* **Task requirements**
Below this sentence is a listing; return exactly its lines from the one with "I Ro og Mak ved Straumen gård" to the one with "Obraz premium Corals", both kept, and nothing more.

=== Given data ===

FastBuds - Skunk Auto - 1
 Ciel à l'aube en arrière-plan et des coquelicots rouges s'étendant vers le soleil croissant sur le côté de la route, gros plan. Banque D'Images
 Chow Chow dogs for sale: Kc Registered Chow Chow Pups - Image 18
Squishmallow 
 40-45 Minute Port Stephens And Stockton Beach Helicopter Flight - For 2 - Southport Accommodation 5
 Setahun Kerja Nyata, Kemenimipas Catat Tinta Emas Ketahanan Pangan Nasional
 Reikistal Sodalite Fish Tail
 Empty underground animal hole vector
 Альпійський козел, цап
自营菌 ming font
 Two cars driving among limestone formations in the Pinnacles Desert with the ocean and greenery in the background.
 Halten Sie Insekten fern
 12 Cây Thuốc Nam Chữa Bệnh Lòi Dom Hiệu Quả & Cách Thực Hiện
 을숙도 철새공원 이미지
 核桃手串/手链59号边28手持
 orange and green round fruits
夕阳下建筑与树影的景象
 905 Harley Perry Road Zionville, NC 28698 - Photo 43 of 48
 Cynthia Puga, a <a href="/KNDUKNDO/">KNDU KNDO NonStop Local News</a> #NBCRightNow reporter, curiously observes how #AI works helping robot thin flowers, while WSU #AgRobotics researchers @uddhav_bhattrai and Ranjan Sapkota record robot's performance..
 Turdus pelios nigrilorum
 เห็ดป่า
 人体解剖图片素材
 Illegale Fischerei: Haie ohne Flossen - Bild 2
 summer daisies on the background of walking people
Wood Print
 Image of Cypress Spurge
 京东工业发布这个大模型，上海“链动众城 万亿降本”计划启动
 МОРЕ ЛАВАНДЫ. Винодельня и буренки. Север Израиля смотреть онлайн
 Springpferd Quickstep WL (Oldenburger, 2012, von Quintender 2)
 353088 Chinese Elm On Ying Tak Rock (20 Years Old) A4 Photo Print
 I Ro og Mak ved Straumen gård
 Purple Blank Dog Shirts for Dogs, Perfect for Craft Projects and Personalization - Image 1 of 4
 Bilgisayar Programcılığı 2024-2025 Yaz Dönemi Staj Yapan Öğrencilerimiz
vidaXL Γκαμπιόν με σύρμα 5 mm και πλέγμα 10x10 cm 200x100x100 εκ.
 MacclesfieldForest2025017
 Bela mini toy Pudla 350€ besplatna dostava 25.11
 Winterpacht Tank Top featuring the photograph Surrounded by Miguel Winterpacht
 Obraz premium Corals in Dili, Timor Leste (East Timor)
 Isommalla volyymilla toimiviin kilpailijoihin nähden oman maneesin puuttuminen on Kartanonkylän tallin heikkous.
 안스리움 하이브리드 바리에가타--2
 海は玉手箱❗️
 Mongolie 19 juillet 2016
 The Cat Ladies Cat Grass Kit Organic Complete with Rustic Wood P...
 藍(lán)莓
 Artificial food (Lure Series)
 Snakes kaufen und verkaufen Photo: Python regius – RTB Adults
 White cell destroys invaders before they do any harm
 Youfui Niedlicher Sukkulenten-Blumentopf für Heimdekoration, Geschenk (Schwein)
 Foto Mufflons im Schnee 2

===

* **Task output**
 I Ro og Mak ved Straumen gård
 Purple Blank Dog Shirts for Dogs, Perfect for Craft Projects and Personalization - Image 1 of 4
 Bilgisayar Programcılığı 2024-2025 Yaz Dönemi Staj Yapan Öğrencilerimiz
vidaXL Γκαμπιόν με σύρμα 5 mm και πλέγμα 10x10 cm 200x100x100 εκ.
 MacclesfieldForest2025017
 Bela mini toy Pudla 350€ besplatna dostava 25.11
 Winterpacht Tank Top featuring the photograph Surrounded by Miguel Winterpacht
 Obraz premium Corals in Dili, Timor Leste (East Timor)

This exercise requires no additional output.